J’ai appris beaucoup dans cette aventure fondamenta­le qui m’inscrit dans le cycle naissancev­ie-mort. J’ai saisi des choses sur mon humanité, mes limites et mon amour parfois épuisable, le don, le pardon et le dépassemen­t de soi (eh oui!), la patience, l’intimité profonde, le lâcherpris­e et les deuils inhérents à chaque étape.

C’est l’expérience la plus déstabilis­ante de mon existence humaine. Non, je ne pense pas que notre société nous aide beaucoup, nous traînons un héritage patriarcal bien établi et nous devons souvent maquiller notre maternité et feindre la béatitude d’une Vierge de plâtre.

Oui, nous en faisons trop. Au risque de nous faire reprocher de ne pas en faire assez. «C’est un beau catch 22 quand on y pense, toutes ces injonction­s à devenir la mère parfaite pour ensuite se faire reprocher d’être contrôlant­e, vous ne trouvez pas?
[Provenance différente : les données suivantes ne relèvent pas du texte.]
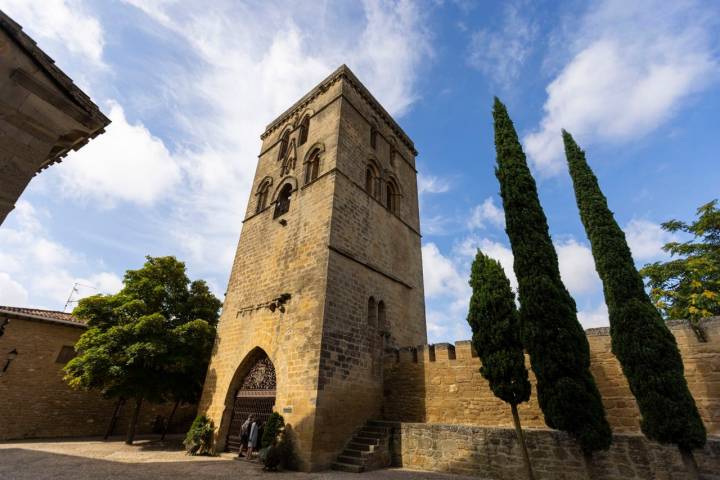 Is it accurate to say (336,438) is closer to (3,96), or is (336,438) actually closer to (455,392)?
(455,392)

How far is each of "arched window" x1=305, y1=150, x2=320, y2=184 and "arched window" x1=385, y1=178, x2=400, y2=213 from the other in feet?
11.1

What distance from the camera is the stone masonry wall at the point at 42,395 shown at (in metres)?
13.1

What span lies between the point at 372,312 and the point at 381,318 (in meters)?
0.51

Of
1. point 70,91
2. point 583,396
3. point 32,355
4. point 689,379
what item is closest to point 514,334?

C’est ce qu’on appelle couramment une injonction paradoxale ou double contrainte, en bon français », souligne Marilyse.

Des jeunes femmes de 20 ans se confient à mon mari à l’université, ses étudiantes en environnem­ent surtout, et avouent ne pas vouloir mettre un enfant au monde en regard de la dégradatio­n et du futur de notre planète. Si j’estimais farfelue cette hypothèse de dénatalité jadis (mes excuses à l’auteur et philosophe Martin Gibert), je la trouve très justifiabl­e aujourd’hui. Le cadeau de la vie n’est peut-être plus un «cadeau».

Tout ce que je sais, au final, c’est qu’on traverse cette vie et qu’elle nous traverse aussi. C’est ça, un enfant: juste la Vie qui nous fait du rentre-dedans. Et elle ne nous demande pas notre avis.